İlk Müslümanlar, günde beş kez Ezan-ı Muhammedî okunduğunda camilere seğirtirler, büyük cemaatler halinde namaz kılarak Allah’a ibadet ederlerdi. Şimdi yüksek tabaka, sözde okumuş ve aydın Müslümanları camide göremezsiniz. Cihad yapmaktan, İslâmcılık faaliyetlerinden namaza gitmeye vakit bulamıyorlarmış. Pöh!
İlk Müslümanların dirayetli imamları, fakihleri, müftüleri, müderrisleri, şeyhleri, mürşidleri, zâhidleri vardı. İlk Müslümanlar büyük şairler, büyük edipler, büyük mimarlar, büyük sanatkarlar, büyük kumandanlar, büyük mütefenninler yetiştirmişti.

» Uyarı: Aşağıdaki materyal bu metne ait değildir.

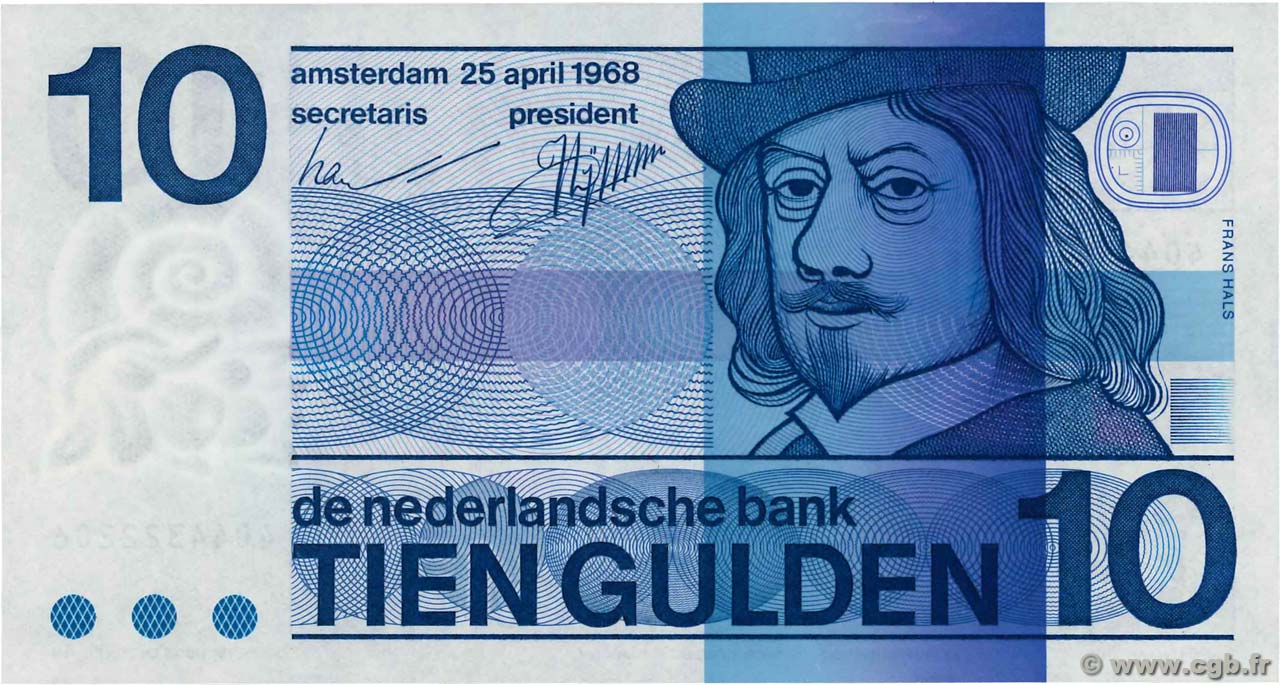 10 Gulden PAíSES BAJOS  1968 P.091b SC+
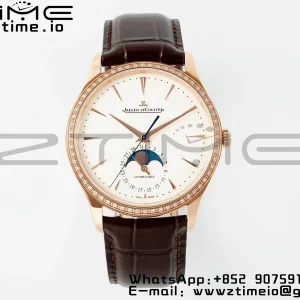 Master Ultra Thin Moon 1362503 RG APSF 1:1 Best Edition White Dial Diamonds Bezel on Brown Leather Strap SA925 Super Clone - Super Clone Watch | 1:1 Best Version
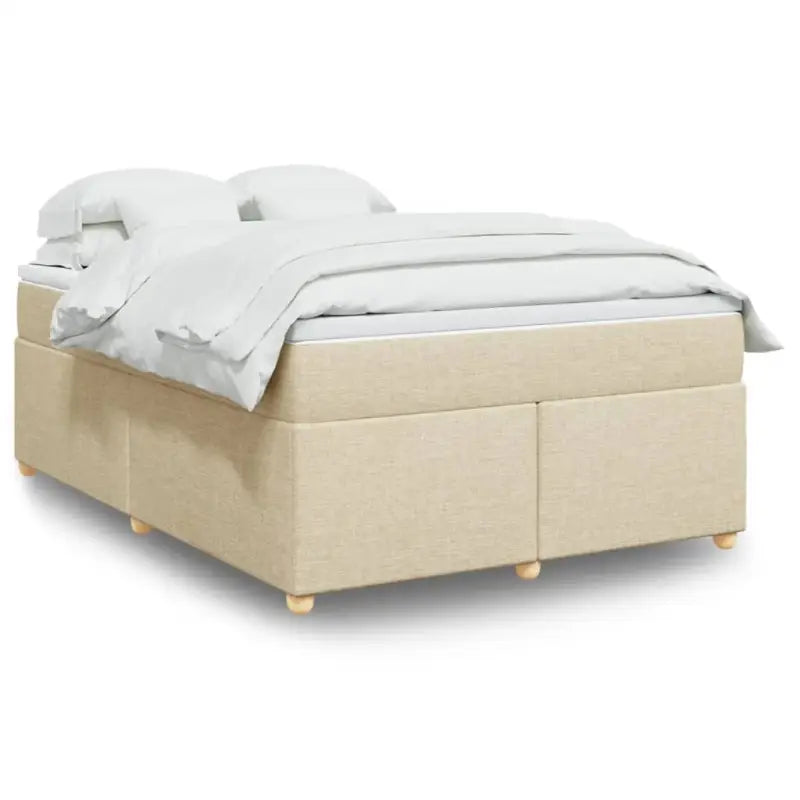 Boxspring met ademend vermogen en duurzaam zwart materiaal - Crème / 140 x 200 cm - Bedden & bedframes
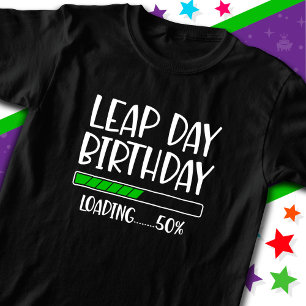 Camiseta Fev 29 Dia de Leap Aniversário 50% Ano de Carregam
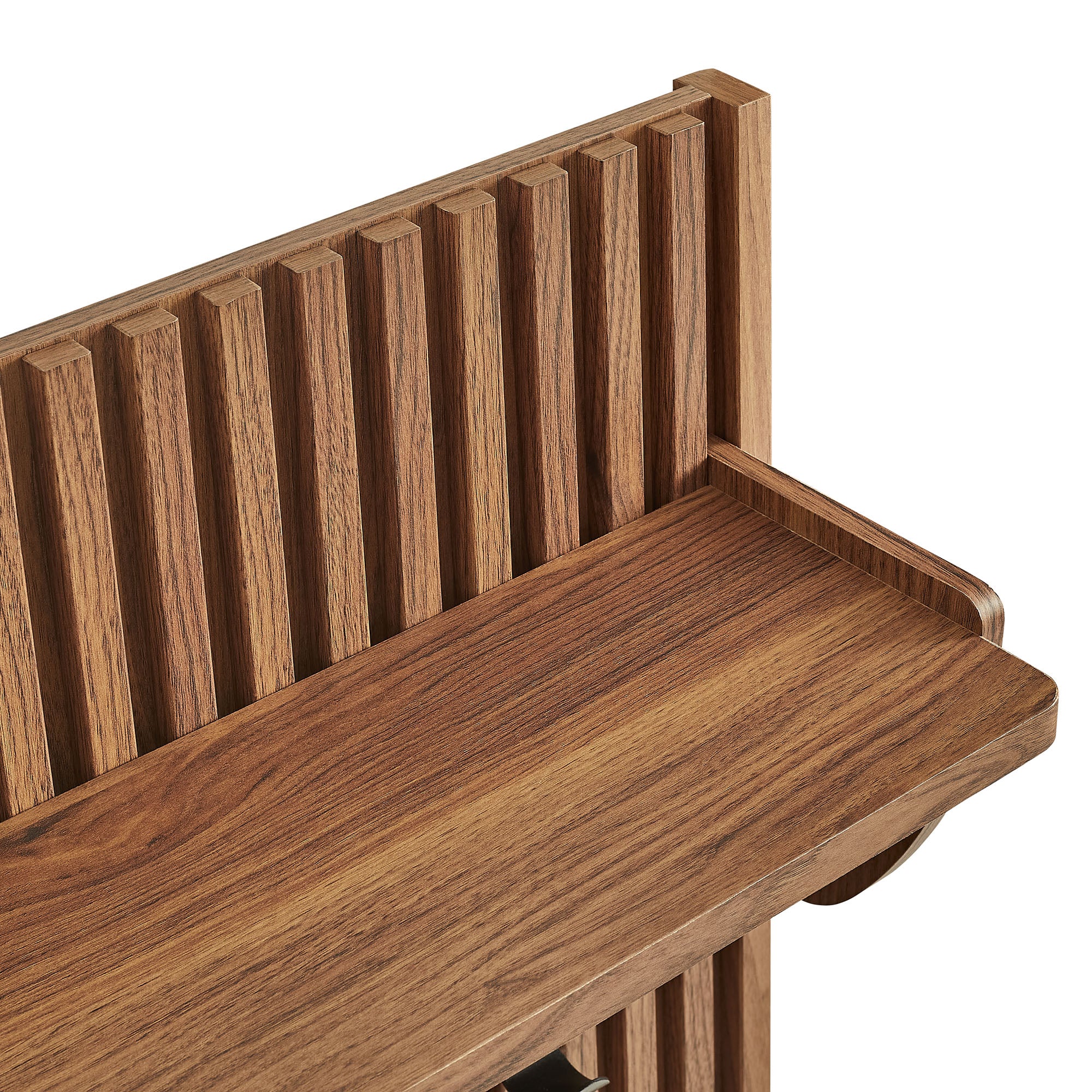Render Fluted Coat Rack Panel With Shelf, Walnut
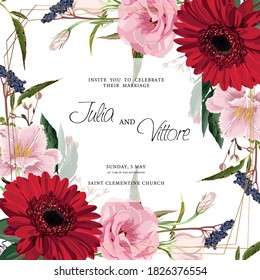 Floral wedding invitation card template design, red gerbera, tulips and eustoma flowers on white, violet vintage theme.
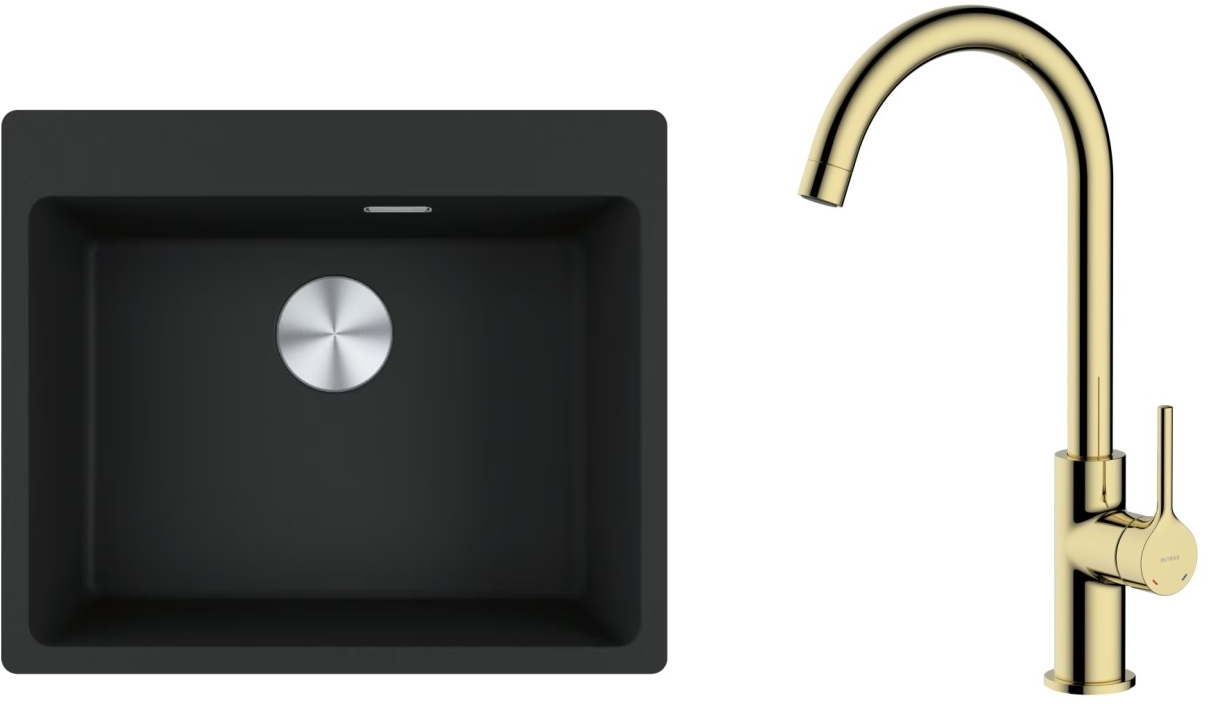 Set évier en granit Franke Maris 114.0661.794, mitigeur de cuisine Oltens Skafta 35206800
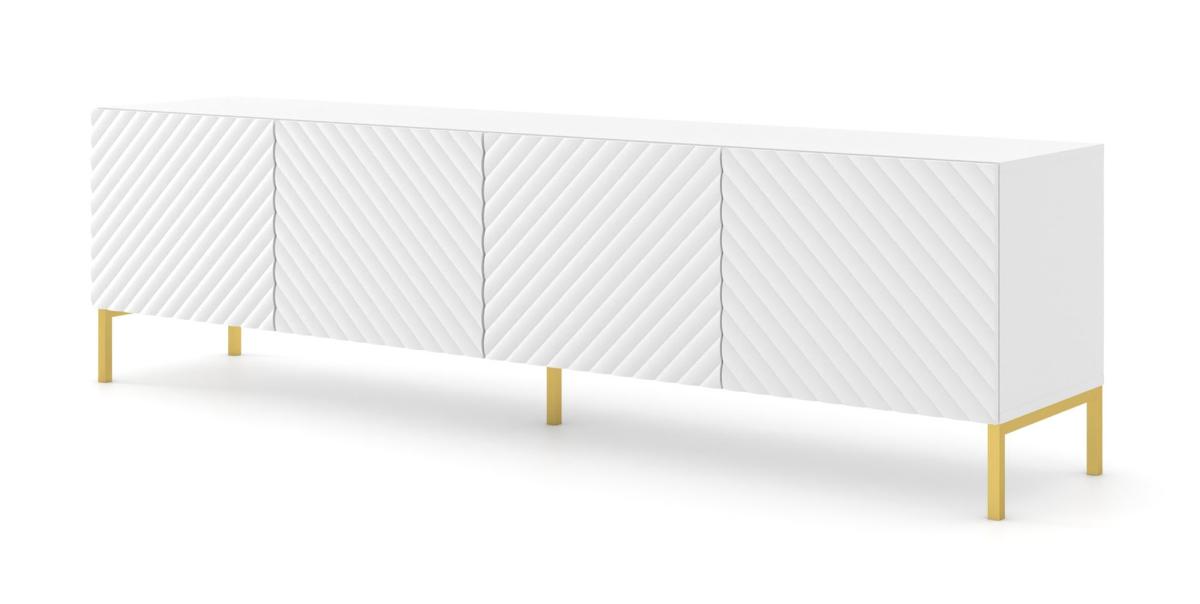 Meuble TV Surf 200 cm 4 portes façades fraisées - blanc mat, pieds dorés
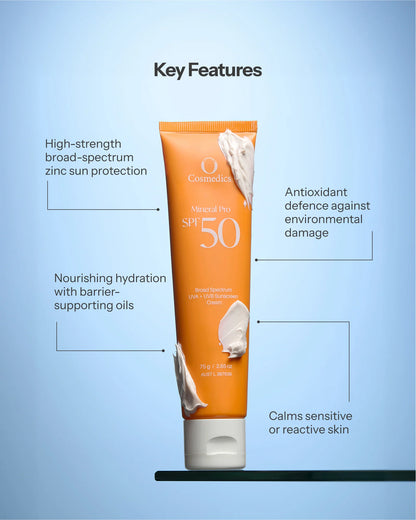 O Cosmedics Mineral Pro SPF 50 Untinted with high-strength zinc protection, antioxidant defence and moisturising barrier support.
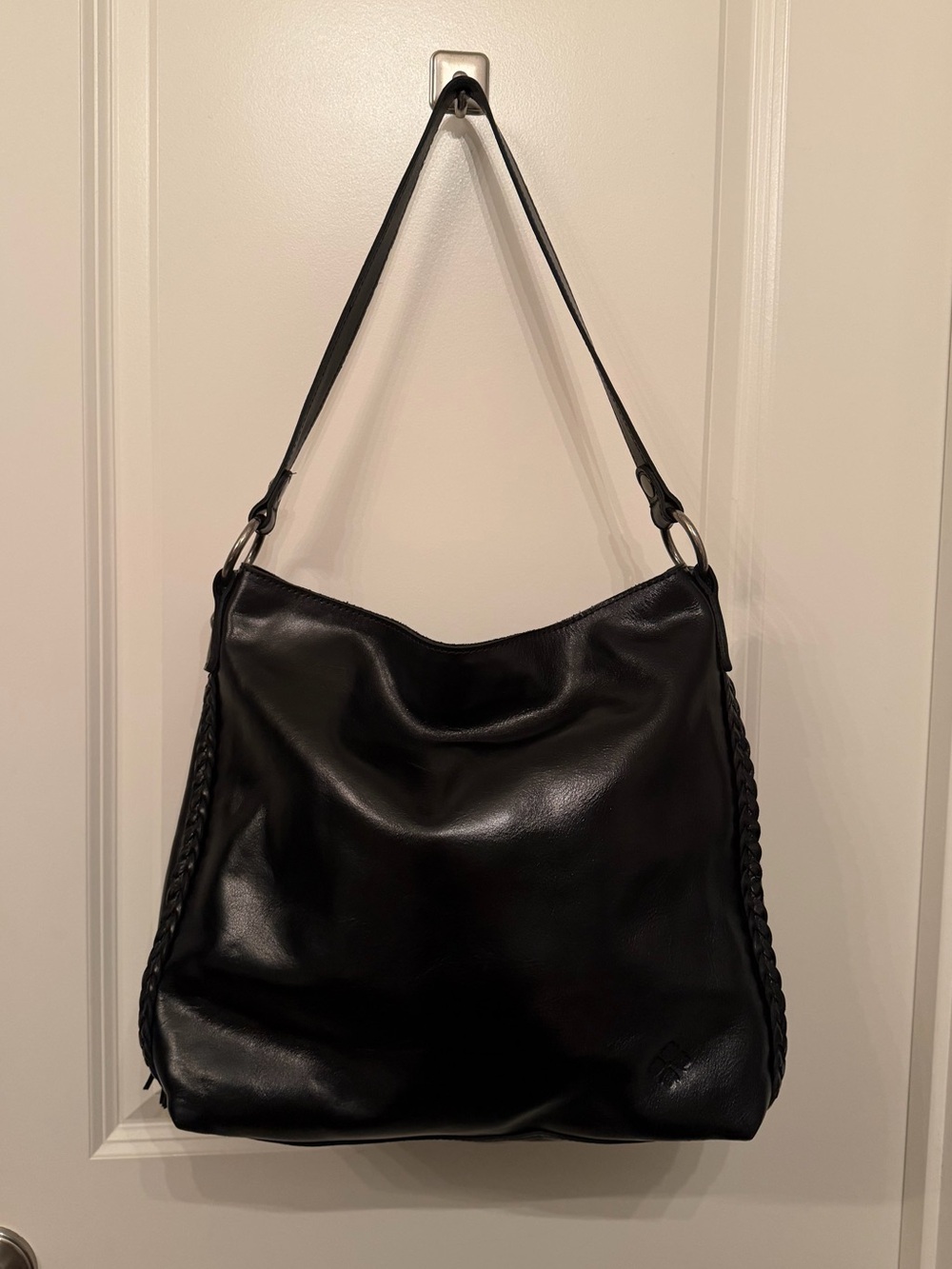 Patricia Nash Black Leather Hobo Shoulder Bag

İlk Müslümanlar emanetleri ehline verirlerdi. Bendelere, kardeşlere, bizdenlere, hocaperestlere vermezlerdi.
İlk Müslümanlar hukuk, ticaret, eğitim, askerlik sahalarında rakiplerinden, karşıtlarından üstündüler.
Sözü uzatmayayım. Biz onları görseydik ihlaslarını, istikametlerini, mürüvvetlerini, sabırlarını, fedakârlıklarını, himmetlerini anlayıp idrak edemezdik de onlara deli derdik. Onlar bizi görseler Müslüman demezlerdi.
Son otuz yıl içinde Türkiye’de ne kadar çok islâmî hizip, fırka, cemaat, grup peydah oldu. Bunların hepsi de az veya çok ehl-i sünnet dışı, bid’atlara sapmış, dini yanlış yorumlayan bölünmelerdir. Kısaca bir listesini vermek istiyorum:
1. Telfik-i mezâhib cereyanı. Yâni fıkıh mezheplerinin hükümlerini karıştırarak uygulama fırkası. Bu grubun taraftarları bir ara Diyanet’i ele geçirmişler ve Mısırlı Reşid Rıza’nın bu konudaki kitabını başkanlık yayınları arasında bastırmışlardı.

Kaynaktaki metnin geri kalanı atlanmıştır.